Update in response to a comment:

May I know what's the reason that manual reading is faster than the other one?

I don't know how the BinaryReader is actually implemented. So this is just assumptions.

The actual read from the disk is not the expensive part. The expensive part is to move the reader arm into the correct position on the disk.

As your application isn't the only one reading from a hard drive the disk have to re-position itself every time an application requests a read.
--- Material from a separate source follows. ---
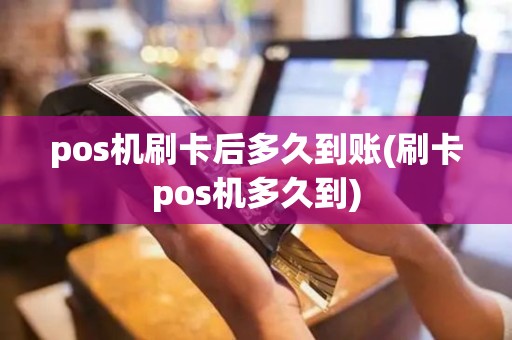 pos机刷卡后多久到账(刷卡pos机多久到)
Thus if the BinaryReader just reads the requested int it have to wait on the disk for every read (if some other application make a read in-between).
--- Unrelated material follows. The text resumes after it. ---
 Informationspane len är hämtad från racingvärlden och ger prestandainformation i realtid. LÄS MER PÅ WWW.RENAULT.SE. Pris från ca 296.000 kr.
As I read a much larger buffer directly (which is faster) I can process more integers without having to wait for the disk between reads.

Caching will of course speed things up a bit, and that's why it's "just" three times faster.

(future readers: If something above is incorrect, please correct me).

jgauffin
  • 99,844
  • 45
  • 235
  • 372
  • Sounds good, unfortunately this didn't change anything either. I also tried different buffer-sizes from 4k to 128k without luck :-( – user2033412 Oct 19 '15 at 12:50
  • I added example-code to create a file and to measure the read-performance. – user2033412 Oct 20 '15 at 11:54
  • my second example which reads chunks from the file instead of using the binary reader. – jgauffin Oct 20 '15 at 14:11
  • 1
    OH MY GOD! your code is three times faster than my original-code! AWESOME!! – user2033412 Oct 24 '15 at 17:55
  • Your welcome :) You can probably make it a bit faster too. for instance by allocating the correct size from start for the list: `new List(fs.Length / sizeof(long));` and by experimenting with the buffer size (stream and byte buffer should have the same size) – jgauffin Oct 25 '15 at 07:39
  • @jgauffin: May I know what's the reason that manual reading is faster than the other one? – displayName Nov 19 '15 at 15:09
2

You can use a BufferedStream to increase the read buffer size.

krafty
  • 425
  • 4
  • 16
  • Sounds good, unfortunately it didn't change anything. I tried different buffer-sizes from 4k to 128k -- no difference at all :-( – user2033412 Oct 19 '15 at 12:05
  • 1
    @user2033412 Since you commented on your original question that a 2GB file is not sufficient, I would suspect that a 128k buffer is basically negligible. Try using 50-100MB before rejecting the buffered stream idea. Maybe bigger. – apokryfos Oct 19 '15 at 14:03
  • I added example-code to create a file and to measure the read-performance. – user2033412 Oct 20 '15 at 11:54
0

In theory memory mapped files should help here. You could load it into memory using several very large chunks. Not sure though how much is this relevant when using SSDs.